Get to know yourself better with a data analysis of your Whatsapp messages

Whatsapp has replaced SMS as the main communication tool for your phone. With all the messages that you are sending out every day, a lot of data is generated. How many messages do you exchange every week with your partner? What time do you usually send out messages? What words do you use the most often?
We will find answers to this question by using R and RCharts.

Introduction

This blog post will show you how to make some analysis on your whatsapp messages.

Whatsapp lets you export your messages as a txt file. You can export your whatsapp history with a group or person when you go to the person’s or group’s whatsapp chat. Then, go to the extras (Three dots in a vertical line, top right), click on “more” and then “Email chat” without the media to your email address. The provided txt file is then used as an input for this tutorial.

The script was tested for English and German versions of whatsapp on Android phones.
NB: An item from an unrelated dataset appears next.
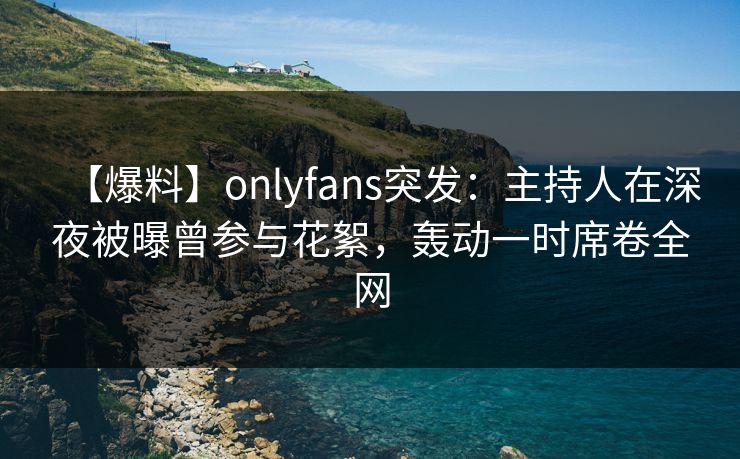 【爆料】onlyfans突发：主持人在深夜被曝曾参与花絮，轰动一时席卷全网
The tutorial is structured as follows.

Libraries
Import whatsapp history txt file
Data cleaning
Data exploration
Text exploration
Appendix

Libraries

These are all the libraries you need.

library(plyr) # for data manipulation
library(dplyr) # for data manipulation
library(rCharts) # for interactive plotting
library(tm) # for text analysis

Import whatsapp history txt file

First step is to import the data, that the txt file contains into a format that R can work with. Make sure you have your r scipt in the same folder than your txt file.

Make sure, your timestamps are in one of the following formats, otherwise the script will not detect it.

28/01/2015, 22:06
2015-01-28, 10:06 PM
28.01.2015, 22:06

# One line of the file looks like this:
# "28/01/2015, 22:06 - PERSON: Good morning!"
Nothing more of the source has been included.